11 November 2012

Religious Diversity On Rise On Congress

The U.S. House of Representatives has two new members who don't identify as Christians (and lost one) as a the result of last week's election, the U.S. Senate also has two new members who don't identify as Christians. Defining what these members do believe is rather more complicated. Mormon's meanwhile, have been common on Capital Hill for a while.

The Senate majority leader, Harry Reid of Nevada, is a Mormon; there have been Mormon members of the cabinet; and there are 15 Mormons in Congress. . . .

For the real underdog story in the elections this year, you have to look further out on the margins of popular respectability. Consider the half-Hindu yoga practitioner just elected to Congress from Hawaii. Or the new Buddhist senator. Or the two religiously unaffiliated women headed for the House and the Senate. . . .

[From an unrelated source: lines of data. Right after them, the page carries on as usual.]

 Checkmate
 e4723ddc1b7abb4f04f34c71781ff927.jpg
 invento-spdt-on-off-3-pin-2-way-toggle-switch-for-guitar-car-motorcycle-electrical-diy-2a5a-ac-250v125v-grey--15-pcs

Tulsi Gabbard, a Democrat and an Iraq war veteran who won a seat in the House from Hawaii, is the daughter of a Hindu mother and a Roman Catholic father. She calls herself Hindu, a first for a member of Congress. But it is not quite that simple. “I identify as a Hindu,” Ms. Gabbard wrote in an e-mail on Thursday. “However, I am much more into spirituality than I am religious labels.” “In that sense,” she added, “I am a Hindu in the mold of the most famous Hindu, Mahatma Gandhi, who is my hero and role model.” Ms. Gabbard wrote that she “was raised in a multicultural, multirace, multifaith family” that allowed her “to spend a lot of time studying and contemplating upon both the Bhagavad-Gita and the teachings of Jesus Christ in the New Testament.” Today, her spiritual practice is neither Catholic nor traditionally Hindu. “My attempts to work for the welfare of others and the planet is the core of my spiritual practice,” Ms. Gabbard wrote. “Also, every morning I take time to remember my relationship with God through the practice of yoga meditation and reading verses from the Bhagavad-Gita. From the perspective of the Bhagavad-Gita, the spiritual path as I have described here is known as karma yoga and bhakti yoga.”

Ms. Gabbard won the Congressional seat of Mazie Hirono, who just became the first Asian-American woman elected to the Senate. Ms. Hirono is a “nonpracticing Buddhist” who “considers religion a personal matter,” a spokeswoman said. She is thus the first Buddhist (sort of) in the United States Senate.

Representative Tammy Baldwin of Wisconsin, just elected to the Senate, also does not discuss her religiosity. John Kraus, a spokesman for Ms. Baldwin, said that while she was baptized Episcopalian, that term no longer describes her religiosity. She prefers “unaffiliated,” he said.

The atheist and secularist movements are excited by the possible election of Kyrsten Sinema as a Democratic congresswoman from Arizona. (Votes are still being counted, but she is ahead.) Although raised a Mormon, Ms. Sinema is often described as a nontheist — and that suits the activists just fine. A blogger for the Secular Coalition for America wrote Thursday that while he was still dispirited by the loss of Representative Pete Stark of California, an open nonbeliever, he was “emboldened” by the apparent victory of Ms. Sinema, “an open nontheist.” Her nonbelief, the blogger, Chris Lombardi, wrote, “was not used to slander her as un-American or suggest that she was unfit for office.” But a campaign spokesman rejected any simple category for Ms. Sinema. “Kyrsten believes the terms ‘nontheist,’ ‘atheist’ or ‘nonbeliever’ are not befitting of her life’s work or personal character,” the spokesman, Justin Unga, said Thursday in an e-mail. “Though Sinema was raised in a religious household, she draws her policy-making decisions from her experience as a social worker who worked with diverse communities and as a lawmaker who represented hundreds of thousands.”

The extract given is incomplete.